Some many of you will remember the smash hit, worldwide success of CamacCam, our video blogging live from the Vancouver World Harp Congress in 2011. Harpblog is now back at the movies with a video report from our very busy and enjoyable Camac festival in Geneva!
The festival began in style with an excellent concert of harp chamber music. The three duos who are Ghislaine Petit-Volta and Jean-Marc Volta, Isabelle Moretti and Magali Mosnier, and Sophie and Marie Hallynck, offered us a programme that ranged from introducing us to new repertoire (such as a Tôn-Thất Tiết world premiere for harp, clarinet and bass clarinet), to being a chance to hear flute and harp music at its very best. While the harp chamber repertoire contains some of the best music ever written for the instrument, its relatively small size is not without its challenges. New music, and the opportunity to discover how stunning and rich less usual combinations (like harp and cello) can be, are both vital contributions to the development of our chamber music - and equally, it's both inspiring and humbling to hear a familiar work like the Saint-Saëns Fantasie Op.124 played so well that it is like hearing it for the very first time.

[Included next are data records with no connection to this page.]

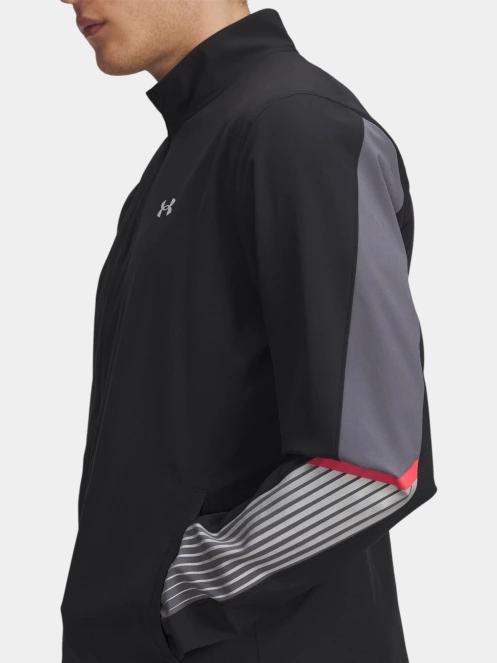 jacheta pentru alergare pt. barbati Under Armour UA Velociti Storm Jacket negru 4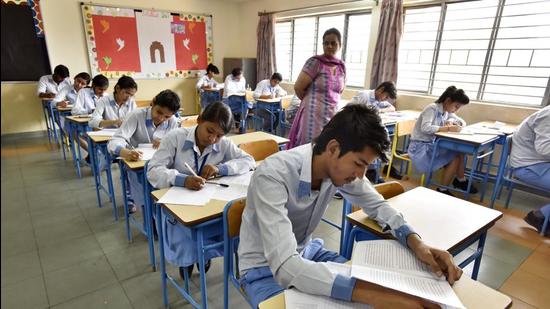 File photo: Students of class 12 attending exam during CBSE exam. (Sanjeev Verma/HT PHOTO) File photo: Students of class 12 attending exam during CBSE exam. (Sanjeev Verma/HT PHOTO)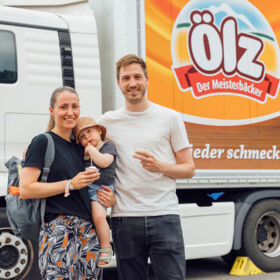 Ölz Familienfest Mitarbeiterin mit Familie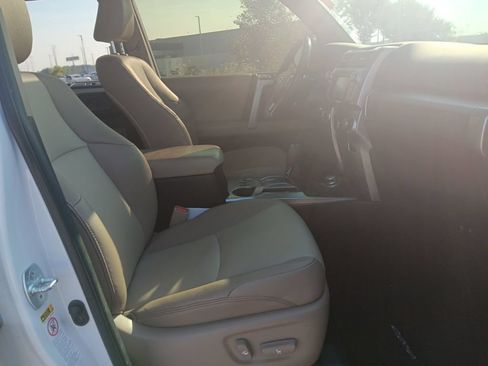 Used 2019 Toyota 4Runner SR5 Premium AWD/4WD image 24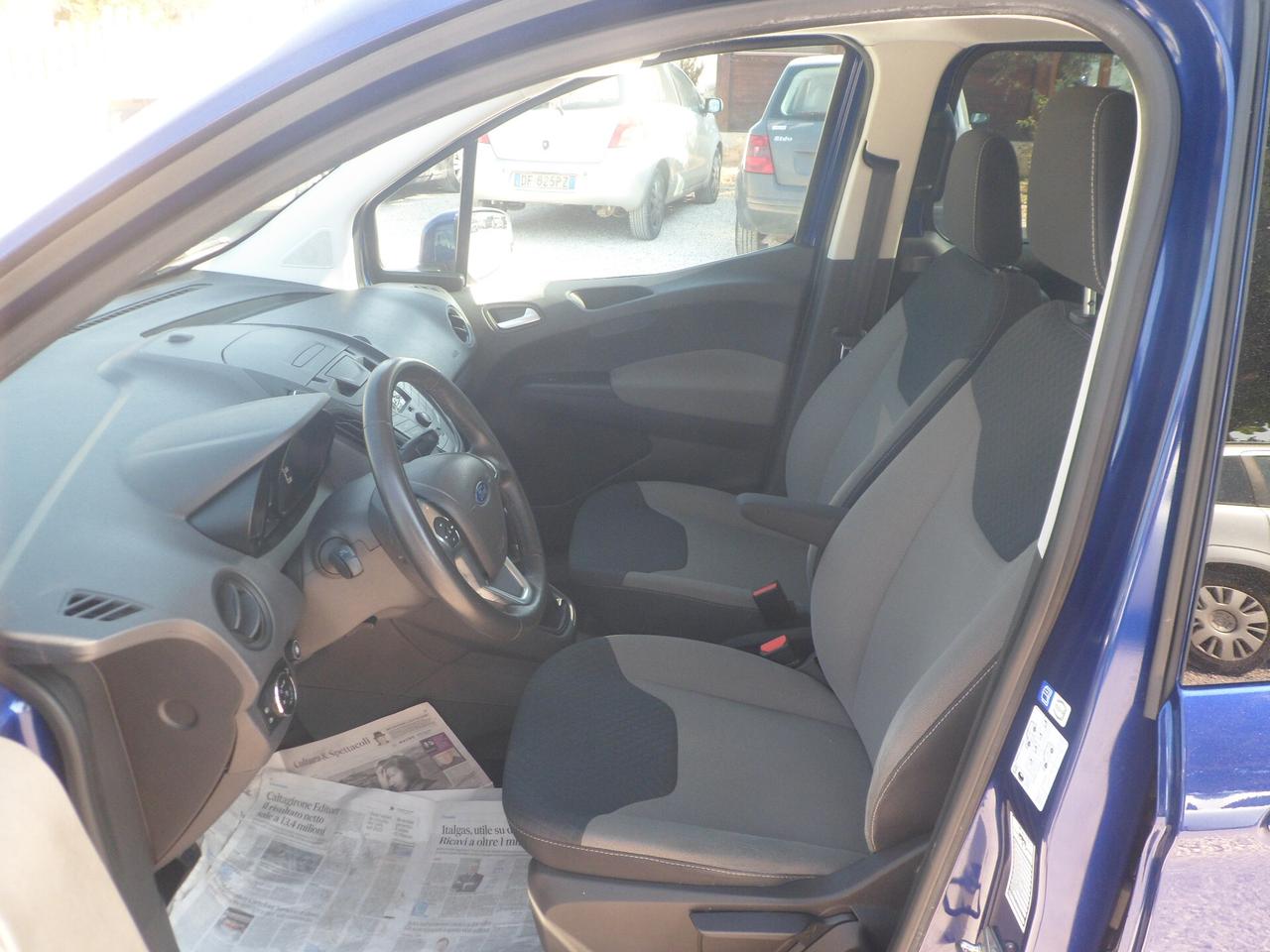 Ford Tourneo Courier 5 posti autovettura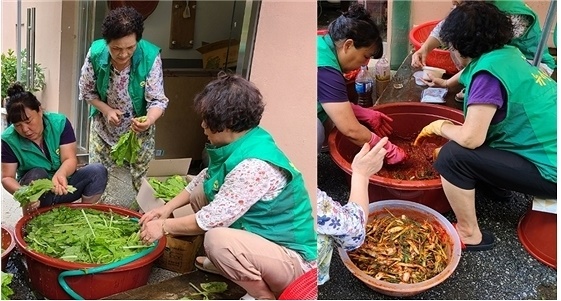 전 전주시새마을부녀회 오희옥 지사 가족에게 전달하기 위해 전 전주시새마을부녀회 회원들이 정성껏 김치를 담그고 있는 모습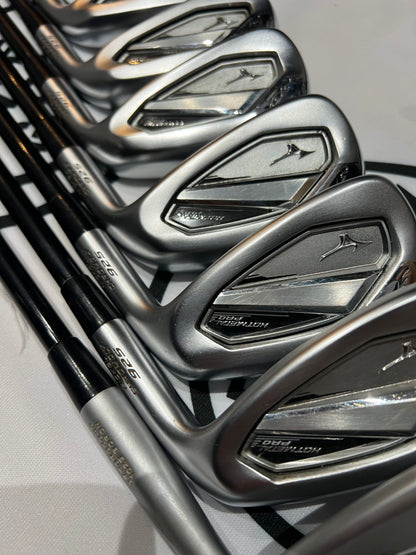 MIZUNO JPX 925 HOT METAL PRO IRONS / 5 - SW / RH / 55g Graphite A Flex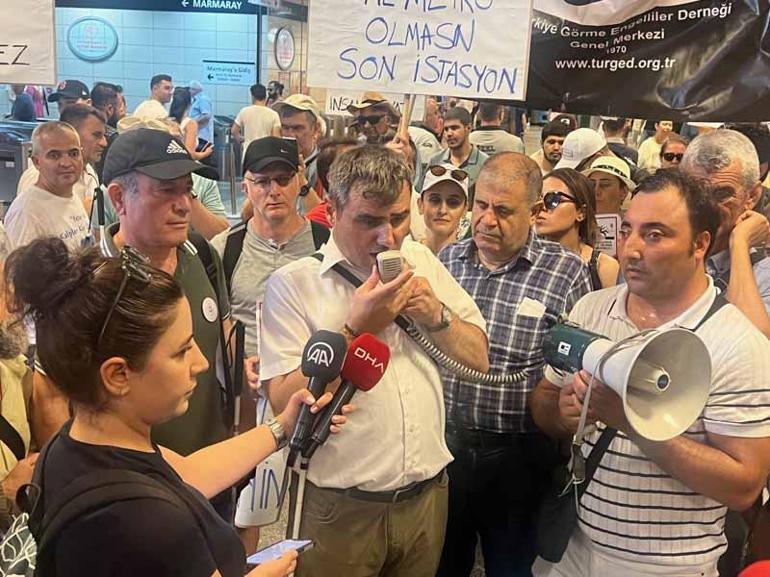 Görme engellilerden bariyer eylemi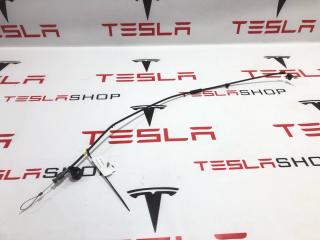 трос капота Rivian R1T 1 поколение 2022, 211202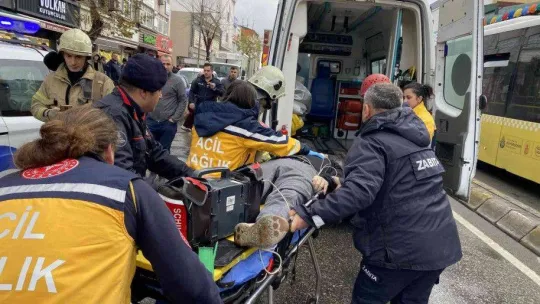 Ümraniye'de kalp krizi geçiren sürücü kaza yaptı, ağır yaralandı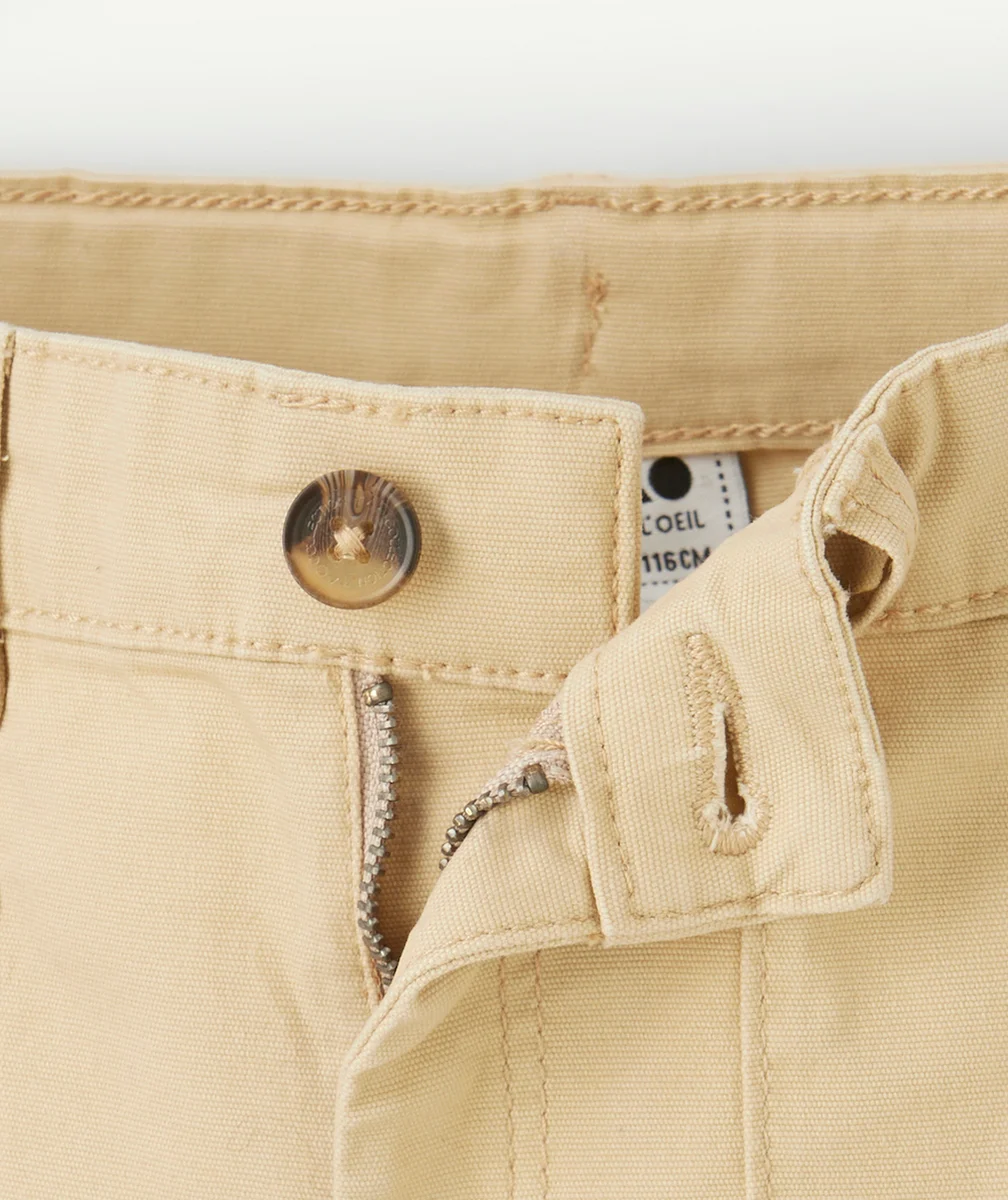 BERMUDA DROIT GARÇON BEIGE AVEC POCHES CARGO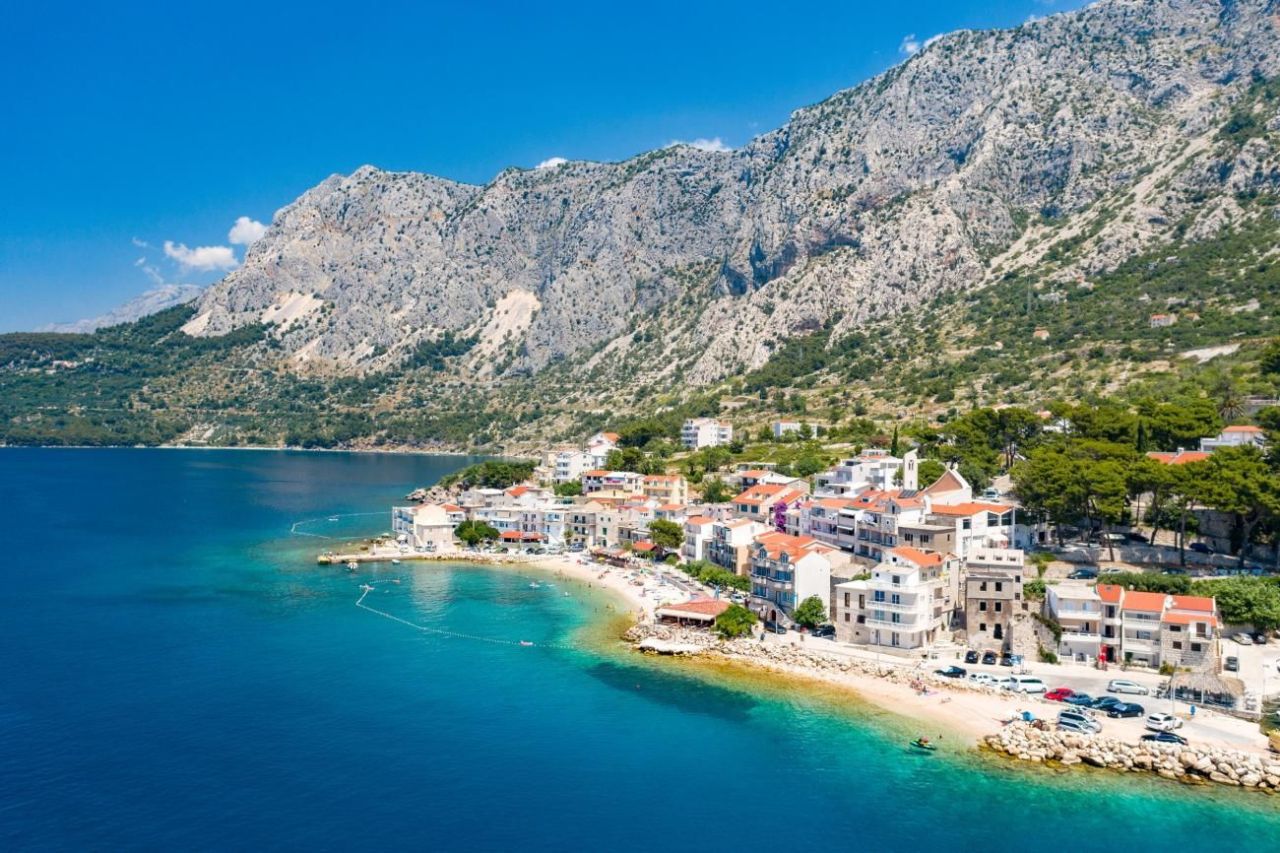 Hôtel Podgora, Croatie, 360 m² - image 1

I was reminded, not before time, that to think "the Saint-Saëns will be OK, I'll just run through the solo demisemiquavers an hour before the concert" is to have lost your way amid this beautiful music.
Perhaps you could go so far as to say that these two forms of musical surprise and delight - the one coming from new music or musical styles you haven't experienced so much before, the other from hearing classics performed at their highest level - are hallmarks of the festival. We are very lucky that the best artists in their fields consent to come and perform for us. In Geneva, over the course of just three days, it was possible to hear everything from the aforementioned duos to Petra van der Heide, principal harp with the Royal Concertgebouw Amsterdam, show us how it's done with a solo programme of Glinka, Scarlatti and Grandjany. Beyond the concert harp, Mary Macmaster and Patsy Seddon performed and gave a workshop as the Sileas duo. Sileas were one of the first groups to give the harp a front seat in the exceptionally lively and creative contemporary Scottish electro-folk scene. Especially if you're not Scottish - and not many of us were, at the festival in Geneva - to hear and talk with them leaves you feeling that a door has opened onto an intriguing new musical landscape.
We've been fans of Tara Minton ever since Jakez discovered her debut CD, so we were thrilled to be able to hear the Tara Minton Trio live for the first time. With Elias Gargallo on drums and Leonardo Caltabiano on bass, Tara wowed us with her soulful, original songs. This is not a group just using the electric harp as a novelty item: this is both wonderful songwriting and great harp playing. If you haven't come across Tara yet, rush to iTunes and download her music.
The festival's final day was entirely dedicated to the music of Bernard Andrès, a composer many harpists can say they have grown up with, and who has composed over fifty works for all types of harps, and instrumental combinations with harp. His prolific contribution to our repertoire is both extremely useful to harpists of all levels, and also worthy of in-depth study, and we are very grateful to Bernard for coming to the whole festival, and working intensively with the students.
We are particularly grateful to the local students and professors themselves, and particularly to Isabelle Martin-Achard, without whom the festival could not have taken place at all! It is their engagement that has created another Camac festival hallmark: a rich dialogue between international stars and regional centres. I always learn a lot from this, and I hope I'm not the only one. Perhaps it is such a fruitful exchange because it is at the heart of music itself, in real terms. You can admire a star on a billboard, CD or from your seat at the back of the concert hall, but as a musician yourself you gain immensely from also being able to meet and work with them. Music and all forms of culture also profit from broad horizons, such as the perspectives you gain by travelling. But most people cannot travel all the time, and this why regional events are important. Thank you very much to the harpists and general public of Geneva for welcoming us so warmly. I don't know where the next Camac festival will be yet, but...watch this space!